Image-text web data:
+++++
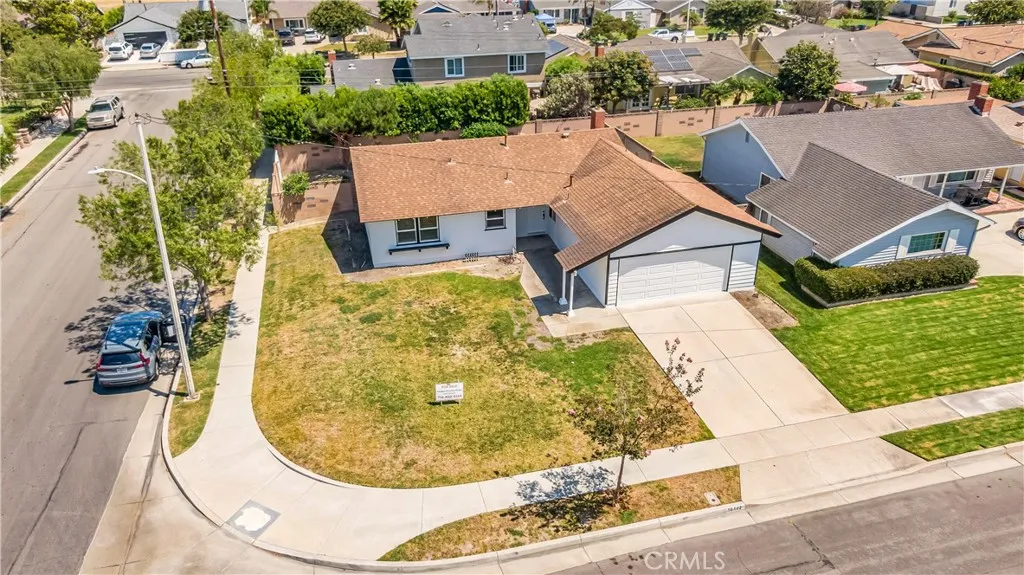 16102 Ballad Lane, Huntington Beach, California 92649 home-pic-35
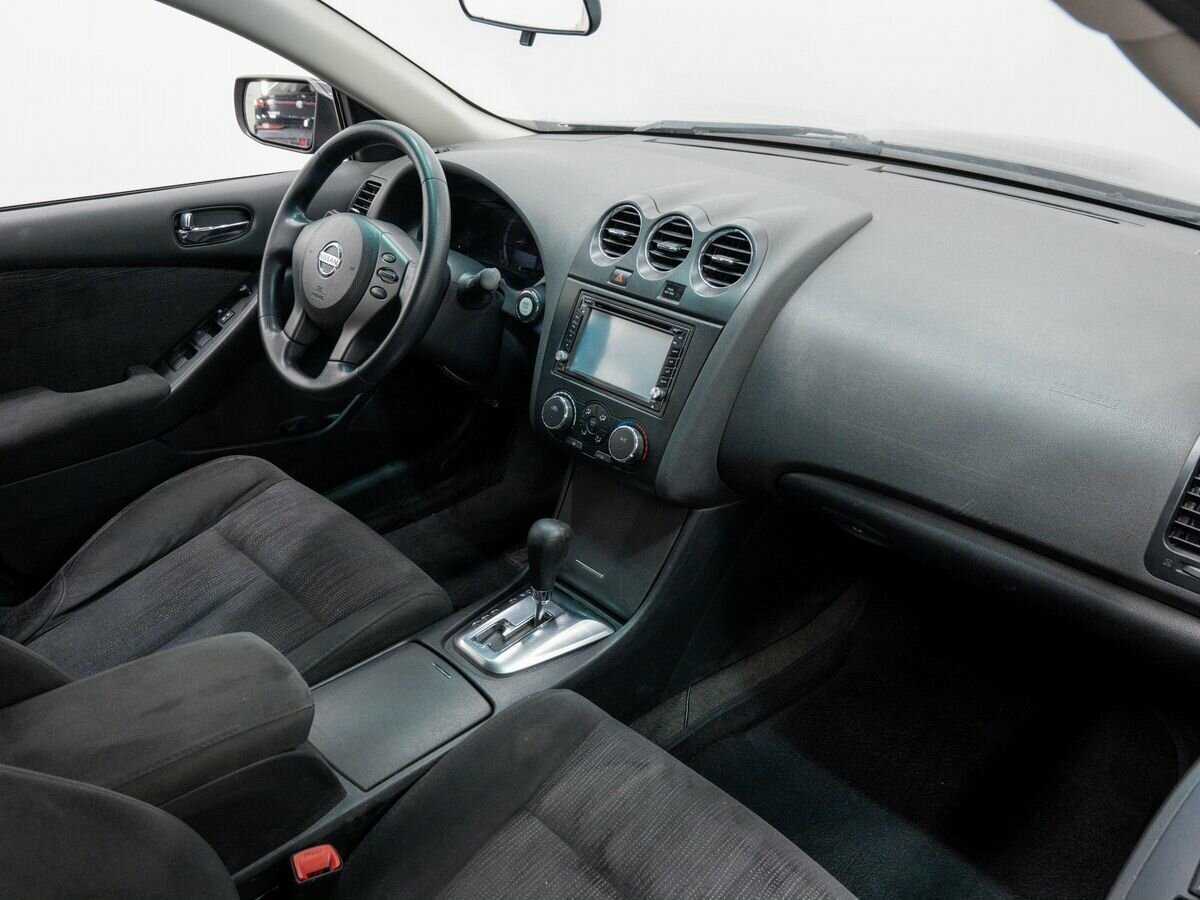 Купить Nissan Altima с пробегом. Фото: #6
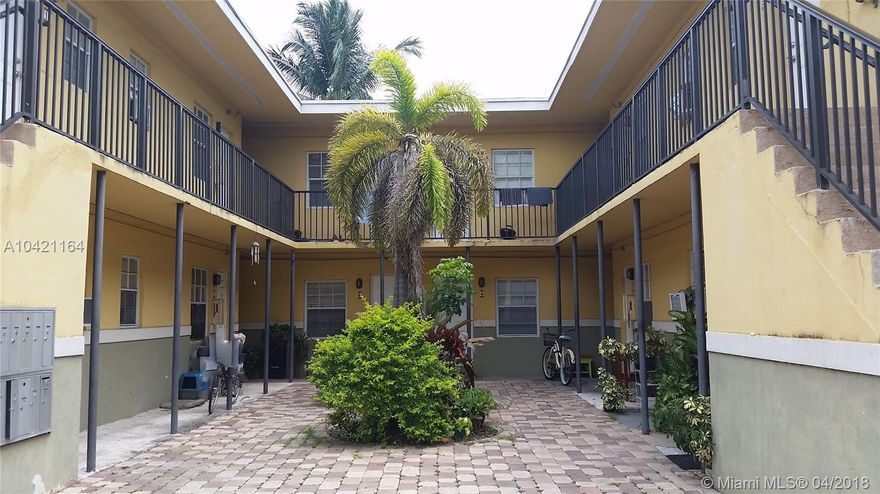 CONVENIENCE LOCATION! 1/1 APT, WALKING DISTANCE TO CENTER GROVE, METRORAIL AND SHORT COMMUTE TO DOWNTOWN MIAMI. IDEAL FOR INVESTOR. UNIT WAS RENTED AT $850, CAN BE RENTED EASILY AT $900 WITH NEW KITCHEN. APARTMENT HAS ITS OWN WATER & ELECTRICITY METERS. NET 8% ROI AT CURRENT ASKING PRICE. CASH ONLY.
PROPERTY IS VACANT, PLEASE REQUEST VIEWING USING SHOWING ASSIST.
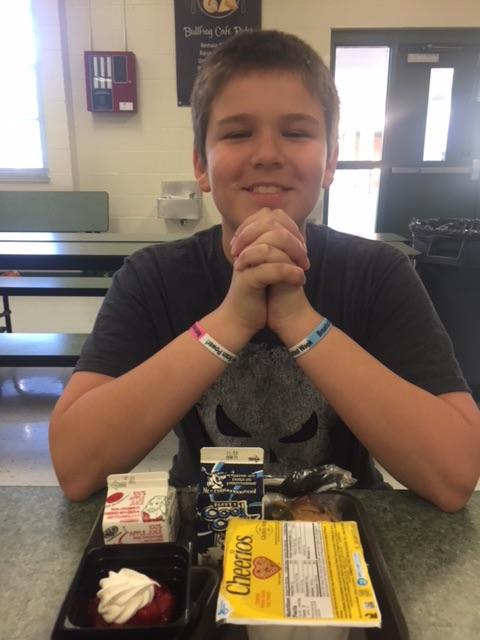 CCSBFood_Nutri's tweet photo. Happy students showing off their "Breakfast for Brain Power" bracelets for National School Breakfast Week. #citrusfns @CitrusSchools https://t.co/mLBcfNEJ9s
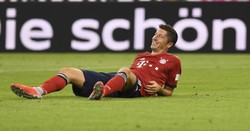 Robert Lewandowski zagrał pierwszy mecz po nieudanym mundialu. Gola znów nie strzelił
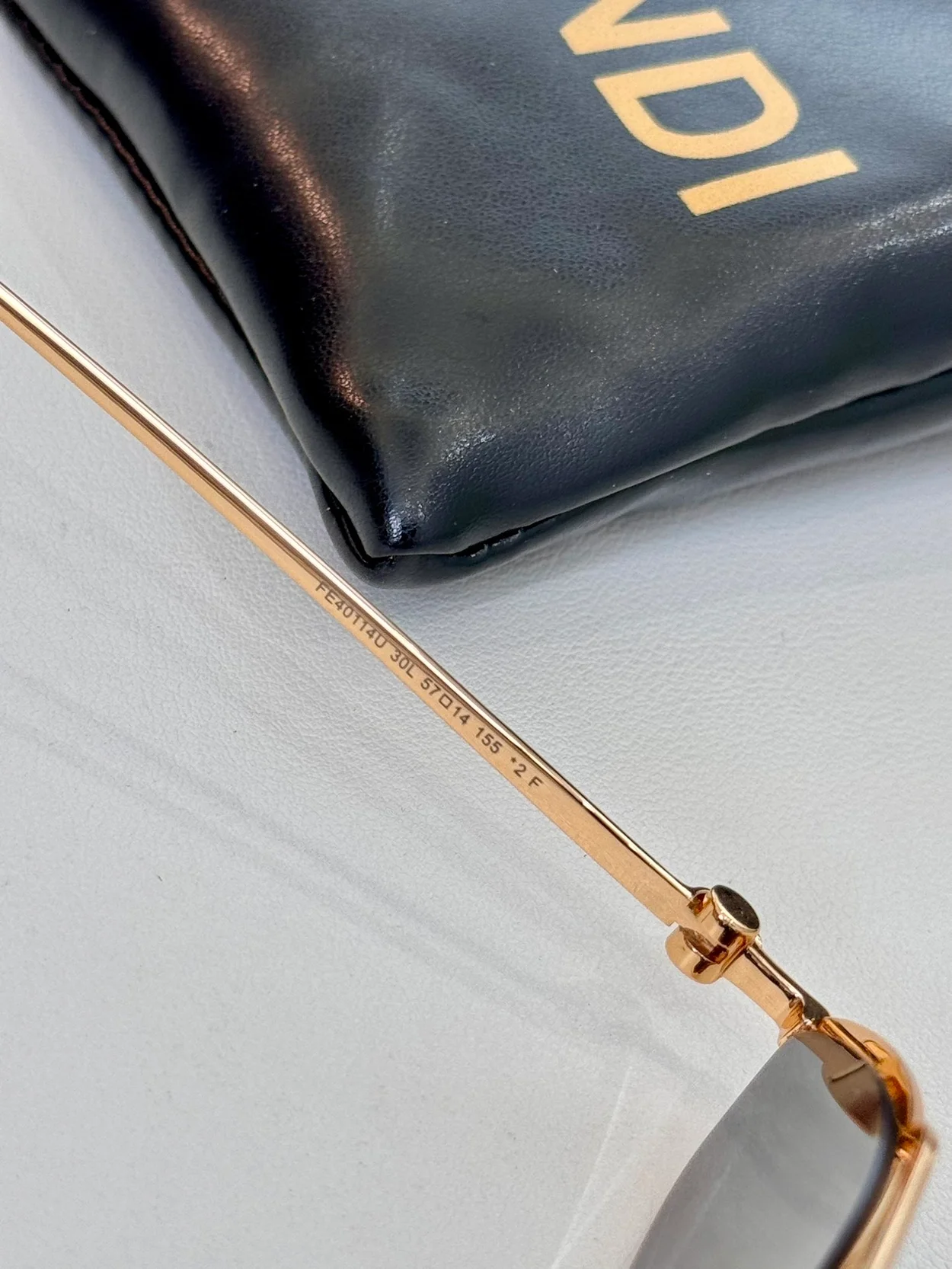 펜디 Cat-eye metal sunglasses (7color)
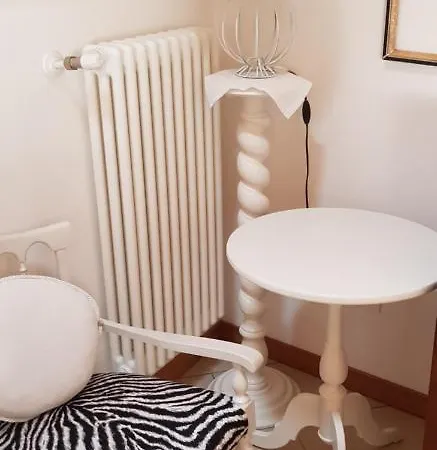 A 7 Km Da Salo' Casa Del Sole Mansarda Apartamento *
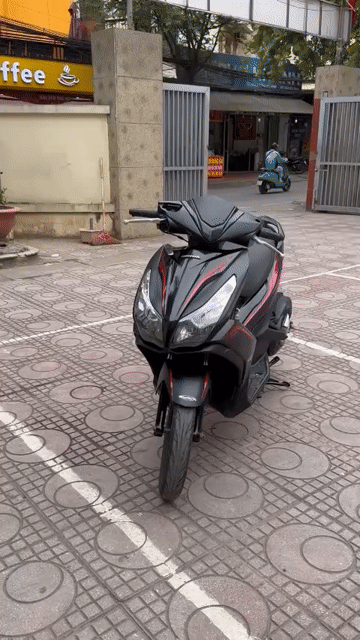 Honda Air Blade Đen. Mua bán Xe máy tại Quận Nam Từ Liêm Hà Nội được đăng bởi chị lan hình 1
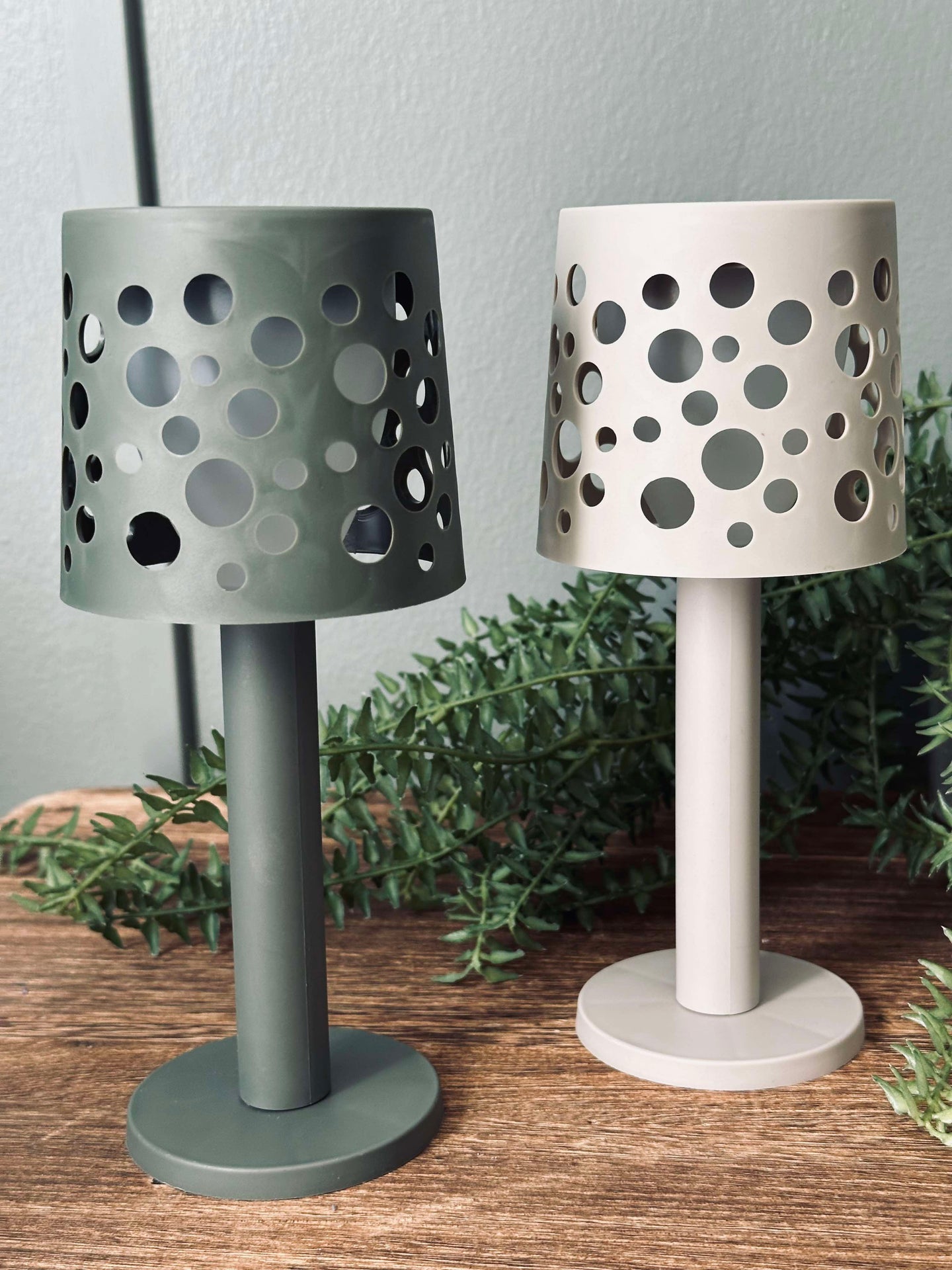 Tischlampe mit Solarzellen - Hellbeige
+++++
Look above for the line with "CONVENIENCE LOCATION! 1/1", then give again exactly every line from there through the line with "PROPERTY IS VACANT, PLEASE", skipping the pictures.

 CONVENIENCE LOCATION! 1/1 APT, WALKING DISTANCE TO CENTER GROVE, METRORAIL AND SHORT COMMUTE TO DOWNTOWN MIAMI. IDEAL FOR INVESTOR. UNIT WAS RENTED AT $850, CAN BE RENTED EASILY AT $900 WITH NEW KITCHEN. APARTMENT HAS ITS OWN WATER & ELECTRICITY METERS. NET 8% ROI AT CURRENT ASKING PRICE. CASH ONLY.
PROPERTY IS VACANT, PLEASE REQUEST VIEWING USING SHOWING ASSIST.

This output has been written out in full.